Il existe trois causes de déséquilibres phosphocalciques : alimentaire, organique et néoplasique.

1. Cause alimentaire

Le calcium est a priori insuffisant dans un régime carnivore ordinaire, ce qui implique un apport systématique (y compris chez les chatons et les chiots de petit format, surtout si l’allaitement a été raccourci par un sevrage précoce). En revanche, la viande étant riche en phosphates, le risque de carence est plus faible. De même, les besoins en vitamine D sont beaucoup plus faibles que les besoins humains, une alimentation riche en huile végétale ou en graisse animale est généralement suffisante.

2. Causes organiques

Toute atteinte organique (parathyroïdes, foie, rein, intestin) susceptible de perturber la synthèse des hormones intervenant dans le système phosphocalcique entraîne de graves perturbations :

- l’aplasie des parathyroïdes est généralement due à une destruction du tissu sécrétant par une parathyroïdite à médiation immune, entraînant une baisse, voire un arrêt de la sécrétion de PTH. La conséquence est une hypocalcémie associée à une hyperphosphatémie ;

- la destruction (médiation immune ?) des cellules claires de la thyroïde provoquant une baisse de la sécrétion de calcitonine. Elle se traduit par une déminéralisation osseuse ;

- l’atteinte hépatique occasionne une baisse de la synthèse de calcidiol, conduisant à un défaut de calcitriol, ainsi qu’une hypocalcémie et une hypophosphatémie (dues à l’hypersécrétion compensatoire de PTH) ;

- l’atteinte rénale provoque une baisse du calcitriol et empêche l’action de PTH, malgré son hypersécrétion. Il en résulte surtout une sévère hyperphosphatémie, la calcémie étant longtemps préservée ;

- l’atteinte intestinale diminue l’absorption de calcium et de phosphates, ce qui entraîne une hypocalcémie et une hypophosphatémie modérées.

3. Causes néoplasiques

Les tumeurs des glandes parathyroïdes sont les causes néoplasiques les plus fréquentes à l’origine de déséquilibres phosphocalciques (photo 1). Cependant, d’autres tumeurs (lymphome, adénocarcinome des glandes anales, par exemple) peuvent entraîner des hyper­sécrétions de PTH et/ou PTH-like ou, plus rarement, de facteurs à activité ostéolytique comme les interleukines [IL]-1 et 6, les tumor necrosis factors (TNF) ou osteoclast-activating factor.

Quand l’animal vieillit, plusieurs atteintes organiques (foie, rein, parathyroïdes) peuvent coexister, y compris lors de processus tumoral : les perturbations induites du métabolisme phosphocalcique peuvent être très complexes et difficiles à explorer.
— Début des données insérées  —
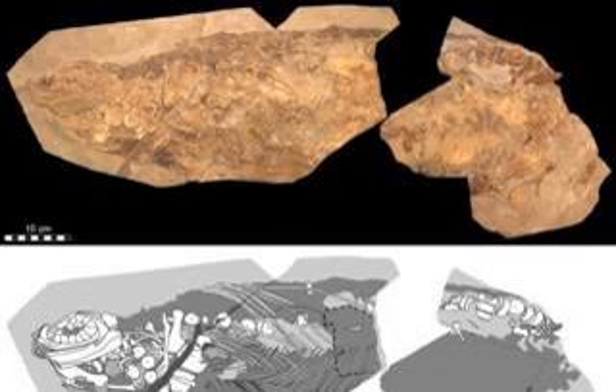To provide further support for the finding, the researchers artificially aged the blubber of a modern harbor porpoise, exposing it to high temperatures and pressures as it would experience during fossilization. The resulting aged harbor porpoise blubber shared many features with the fossilized material. As for the ichthyosaur's skin, the camouflage pattern would have provided protection against predators such as flying pterosaurs attacking from above, and plesiosaurs — large sea reptiles — that would have attacked from below.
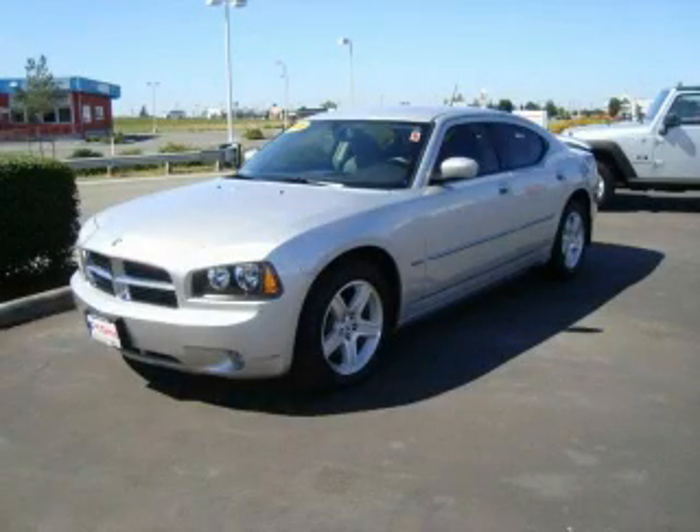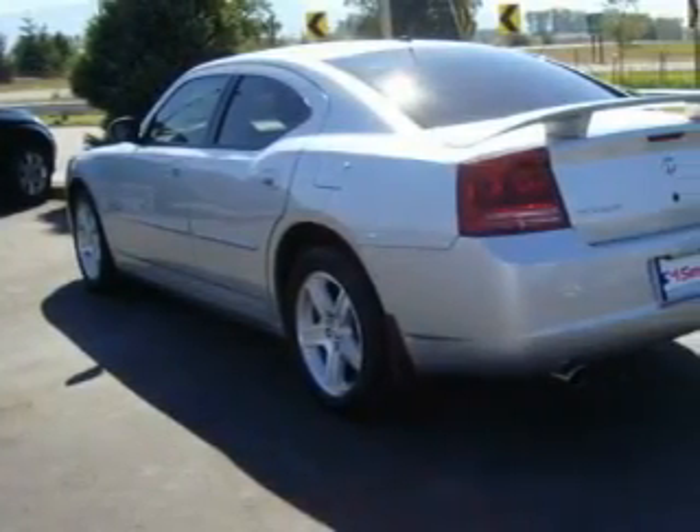This is a 2008 Dodge Charger. It has a 5.7 liter 8-cylinder engine and an automatic transmission.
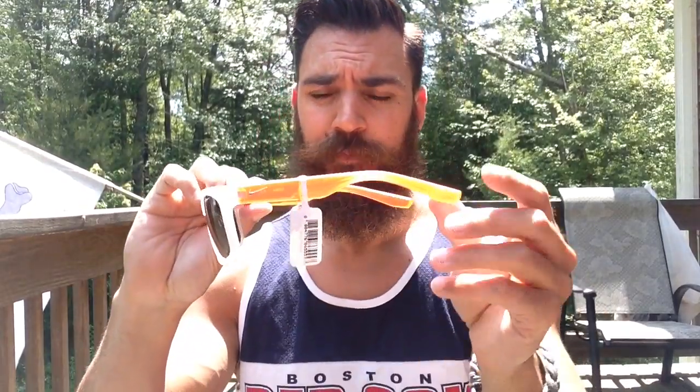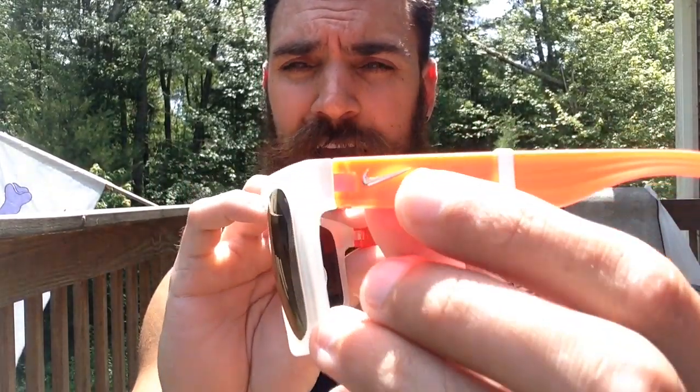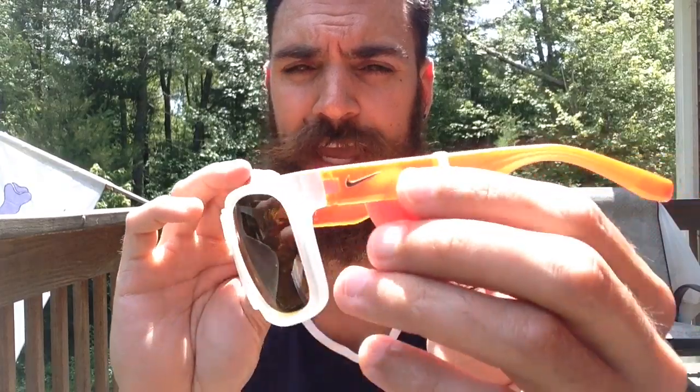It comes with a microfiber cloth with your Nike swoosh on it, so these are great for traveling and you can always clean off your shades. I really like the Cruiser style because it looks like a Wayfarer style — you can see the bars. I've never seen a pair of Nike sunglasses that look this stylish. Usually they're a little more sporty, but you've got that Nike swoosh in shiny silver right there.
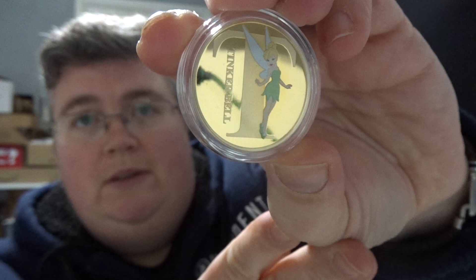Now we've got a gold Disney T for Tinkerbell — that's quite sweet. We've also got two Marvel coins: Groot and Groot.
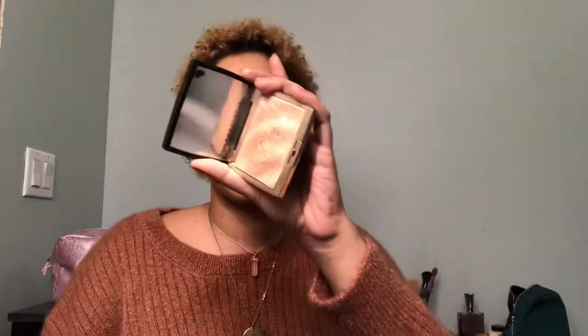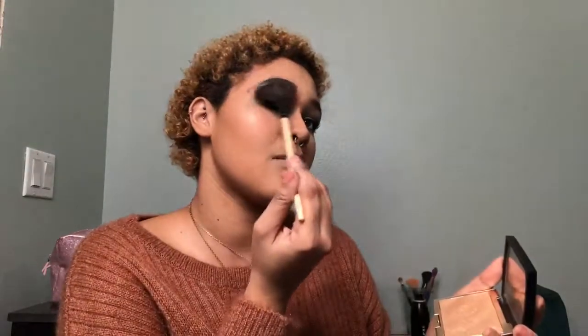Next is highlight — my favorite part. I'm using the Amrezy x Anastasia Beverly Hills highlight, applying it to my cheekbones with a fan brush and carrying it up as an eyebrow highlight as well. Then I'm applying it down the center of my nose, my cupid's bow, my chin, and finally my forehead. When going over the forehead, make sure you have the least amount of product on your brush — you want a little gleam but not a full shine, at least that's my preference.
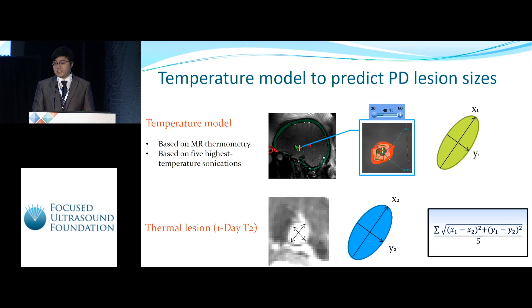From each patient, we select five sonications that generated the highest temperature rise, and compare the average value with the thermal lesion from the one-day post T2-weighted MRI. We use the function shown at the bottom to calculate the difference and evaluate our temperature model.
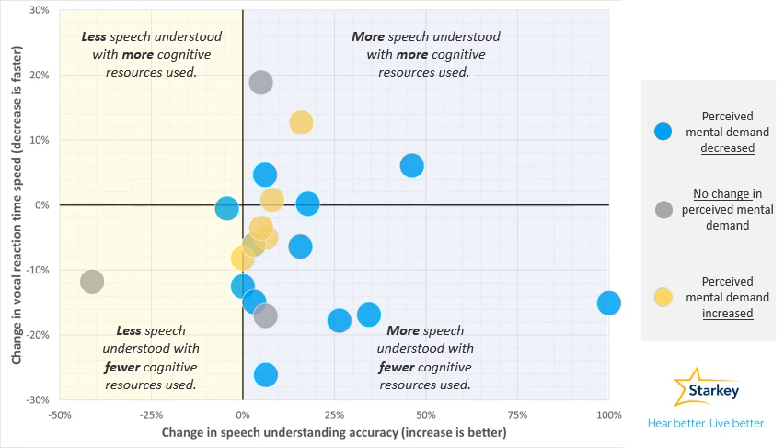Interestingly, changes in perceived task demand did not neatly map onto changes in VRT. In addition, some participants showed improved speech outcomes at a cost to cognitive resources.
EXPLORATIONS DES AFFECTIONS DU MÉTABOLISME PHOSPHOCALCIQUE

1. Explorations biologiques

Le bilan phosphocalcique doit comprendre une mesure de la calcémie totale ainsi que de la phosphatémie. Pour interpréter la calcémie, il est nécessaire de mesurer la protéinémie et l’albuminémie. En première intention, il est souhaitable de compléter le bilan biologique par une exploration rénale et hépatique. Par exemple : cholestérol (augmenté en cas de stéatose hépatique), potassium (augmenté en cas d’insuffisance rénale et abaissé en cas d’insuffisance hépatique), phosphatases alcalines (PAL), alanine aminotransférases (Alat), urée, créatinine. En cas d’augmentation de l’activité PAL, il convient de prendre en compte que la PTH stimule l’activité PAL osseuse. En cas d’anomalies phosphocalciques, les dosages de la 25-OH-vitamine D et/ou de la PTH peuvent être référés à des laboratoires spécialisés.

2. Imagerie

Les radiographies osseuses permettent d’évaluer la minéralisation, de visualiser d’éventuelles lésions (inflammation, ostéofibrose, anomalies des cartilages de conjugaison, géodes ou autre processus tumoraux ostéoclastiques), ou encore des calcifications erratiques (calculs rénaux). L’échographie (parathyroïdes, foie, rein) permet d’examiner les organes impliqués dans la régulation phosphocalcique, mais pour les parathyroïdes, elle nécessite un équipement et une dextérité particuliers.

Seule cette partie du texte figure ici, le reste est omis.